4 minute read

American Academy of Arts and Sciences

Program, Organization, Members, Financial Support, History

The American Academy of Arts and Sciences is an international learned society dedicated to the promotion of critical analysis of the important social and intellectual issues of the day through the free exchange of ideas and perspectives. Through its publication, Daedalus, as well as its meetings, conferences, and symposia, it strives to develop useful policy initiatives while encouraging the development of new generations of scholars committed to improving the level of social discourse and creating a truly civil society.


The academy brings multidisciplinary, collaborative attention to bear on three major areas of interest: science, technology, and global security; social policy and education; and the humanities and culture. Within these broad areas of interest, a wide range of topics are explored with the goal of achieving practical improvements that will benefit society as a whole.

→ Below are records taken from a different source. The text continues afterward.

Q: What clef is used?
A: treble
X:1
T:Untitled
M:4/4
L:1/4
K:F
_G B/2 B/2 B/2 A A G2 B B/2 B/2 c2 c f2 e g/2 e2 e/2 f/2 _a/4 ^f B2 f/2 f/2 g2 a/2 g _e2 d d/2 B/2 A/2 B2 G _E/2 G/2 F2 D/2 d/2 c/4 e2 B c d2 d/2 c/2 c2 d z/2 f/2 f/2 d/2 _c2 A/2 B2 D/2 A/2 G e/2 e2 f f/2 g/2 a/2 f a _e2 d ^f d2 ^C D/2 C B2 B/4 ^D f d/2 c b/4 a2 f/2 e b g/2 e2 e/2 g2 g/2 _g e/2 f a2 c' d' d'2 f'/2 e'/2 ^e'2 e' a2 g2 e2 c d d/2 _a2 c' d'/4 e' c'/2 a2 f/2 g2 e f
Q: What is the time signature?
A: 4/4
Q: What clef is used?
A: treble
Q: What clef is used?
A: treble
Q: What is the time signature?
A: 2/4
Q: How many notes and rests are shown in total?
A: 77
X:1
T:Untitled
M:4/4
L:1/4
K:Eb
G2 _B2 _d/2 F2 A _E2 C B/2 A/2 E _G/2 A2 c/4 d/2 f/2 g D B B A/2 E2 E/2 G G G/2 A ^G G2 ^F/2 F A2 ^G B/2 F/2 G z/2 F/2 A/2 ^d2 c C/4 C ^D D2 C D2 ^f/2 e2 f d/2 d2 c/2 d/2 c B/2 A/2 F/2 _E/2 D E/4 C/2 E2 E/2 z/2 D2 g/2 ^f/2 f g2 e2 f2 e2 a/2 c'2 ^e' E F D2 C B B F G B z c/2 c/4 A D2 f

The academy is governed by a council consisting of seventeen voting members and six nonvoting, advisory members. The council meets three times annually to set policy and plan initiatives. Although its base of operations remains in Massachusetts, it has two regional centers, one at the University of Chicago and another at the University of California at Irvine. In addition, it maintains affiliations with many of the nation's public and private universities.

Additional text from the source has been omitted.